Your task:
Only the pictures should be dropped; every line of the data must come back exactly as written.

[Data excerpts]
/---
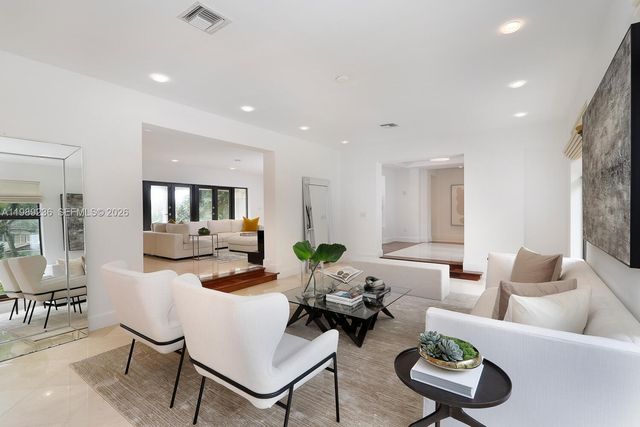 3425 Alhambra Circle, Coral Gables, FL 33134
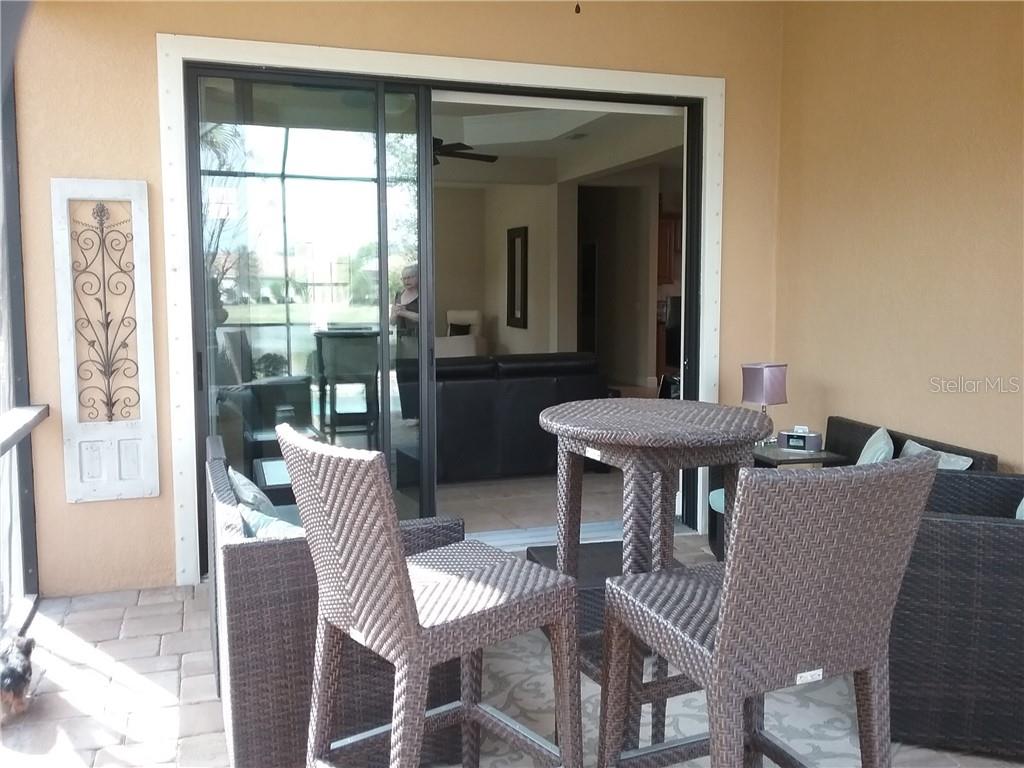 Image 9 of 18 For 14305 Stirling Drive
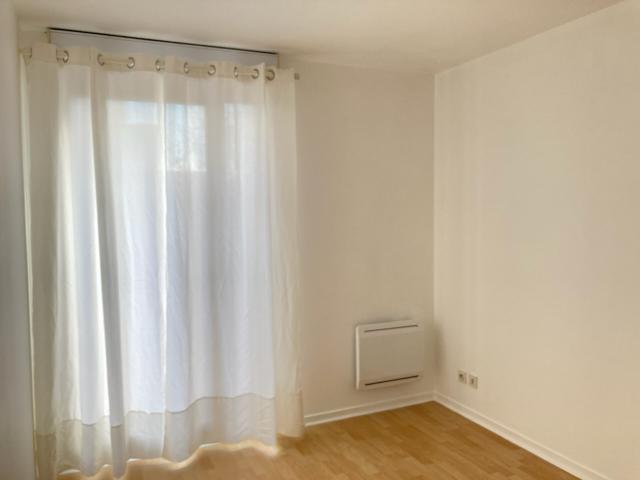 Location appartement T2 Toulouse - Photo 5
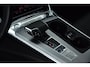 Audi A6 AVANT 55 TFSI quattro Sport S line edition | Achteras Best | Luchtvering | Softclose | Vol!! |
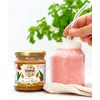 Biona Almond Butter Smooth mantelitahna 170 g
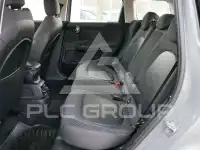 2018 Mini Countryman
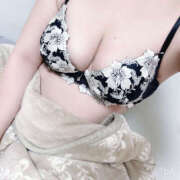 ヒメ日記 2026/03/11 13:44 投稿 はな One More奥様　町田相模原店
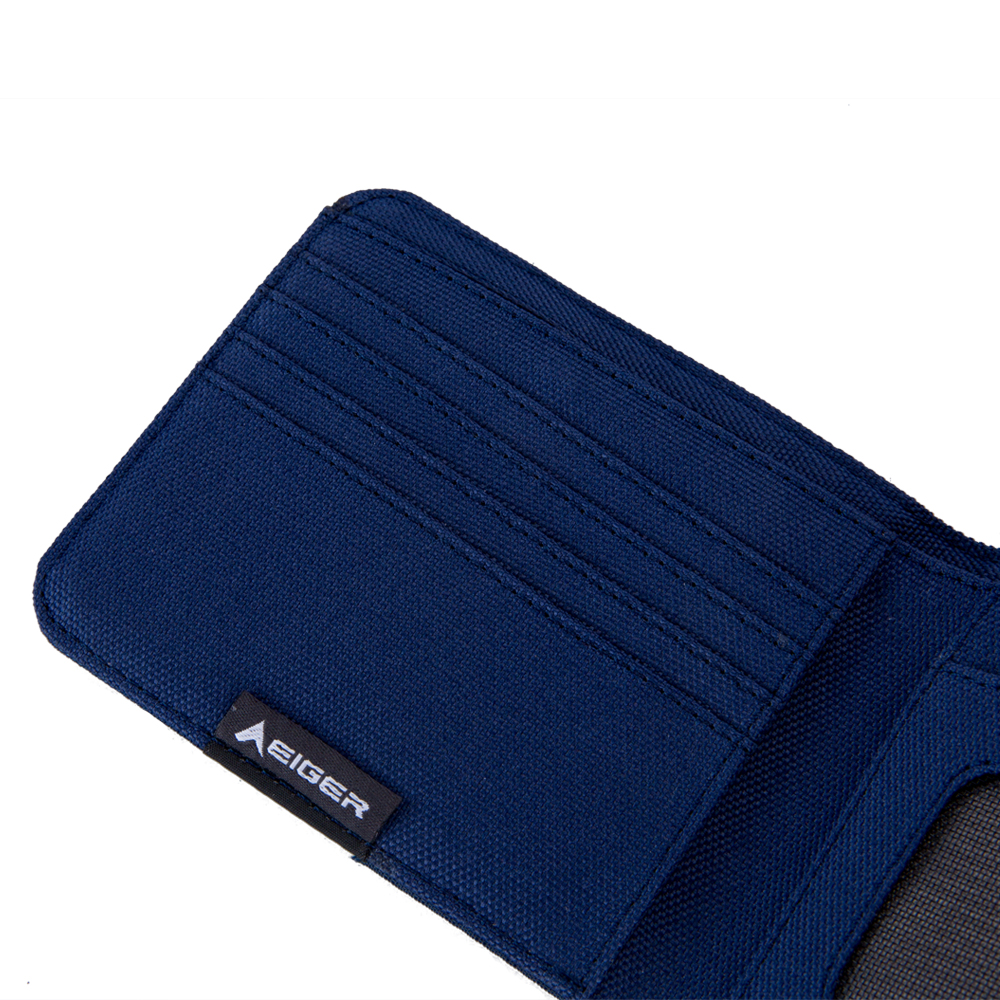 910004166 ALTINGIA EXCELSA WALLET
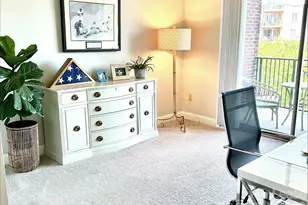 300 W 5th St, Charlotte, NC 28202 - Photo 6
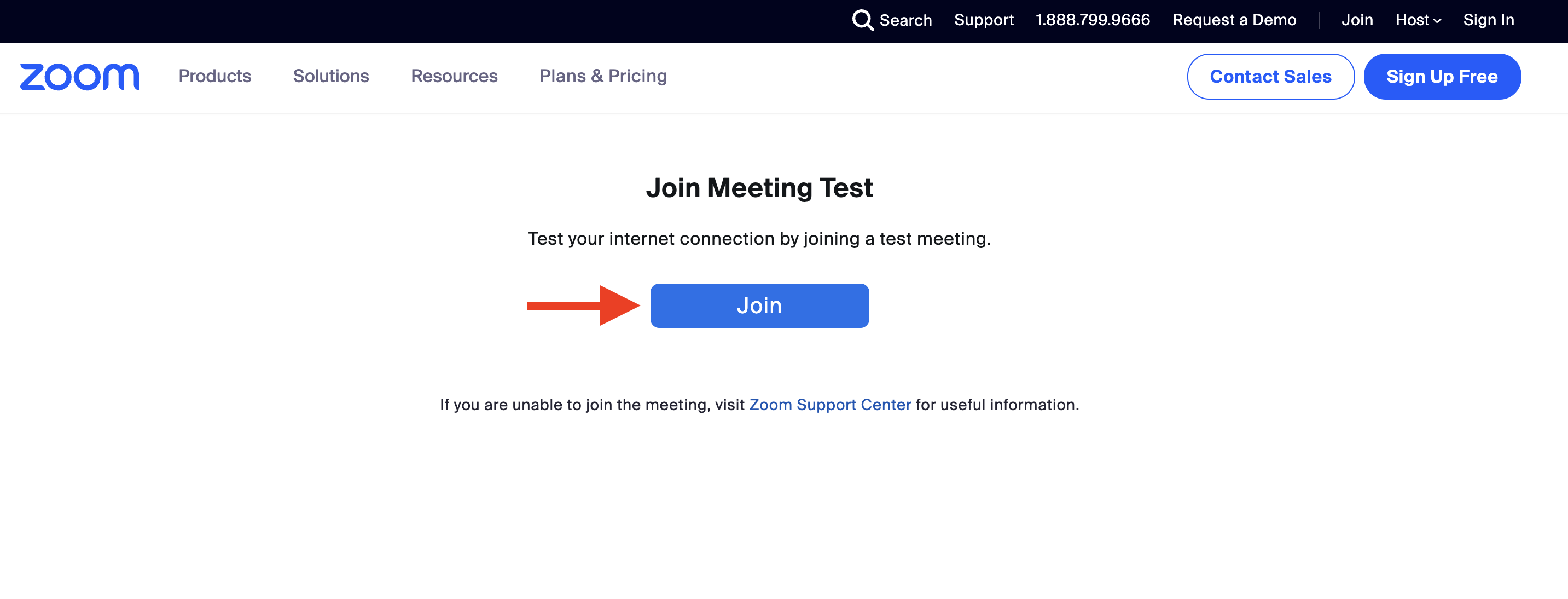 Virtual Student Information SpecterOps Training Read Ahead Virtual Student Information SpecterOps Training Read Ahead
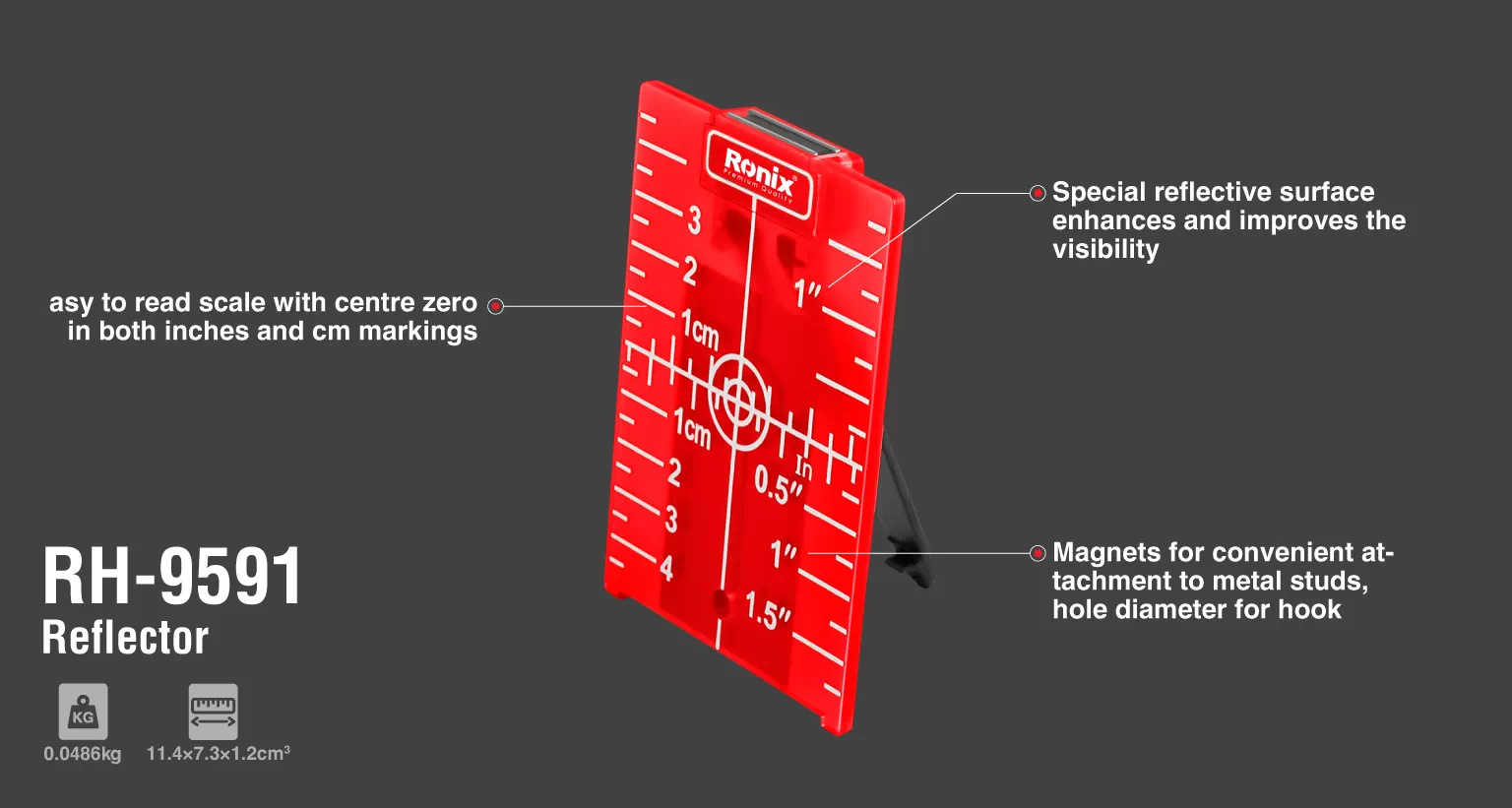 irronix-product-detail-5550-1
\---
The answer:
 3425 Alhambra Circle, Coral Gables, FL 33134
 Image 9 of 18 For 14305 Stirling Drive
 Location appartement T2 Toulouse - Photo 5
 Audi A6 AVANT 55 TFSI quattro Sport S line edition | Achteras Best | Luchtvering | Softclose | Vol!! |
 Biona Almond Butter Smooth mantelitahna 170 g
 2018 Mini Countryman
 ヒメ日記 2026/03/11 13:44 投稿 はな One More奥様　町田相模原店
 910004166 ALTINGIA EXCELSA WALLET
 300 W 5th St, Charlotte, NC 28202 - Photo 6
 Virtual Student Information SpecterOps Training Read Ahead Virtual Student Information SpecterOps Training Read Ahead
 irronix-product-detail-5550-1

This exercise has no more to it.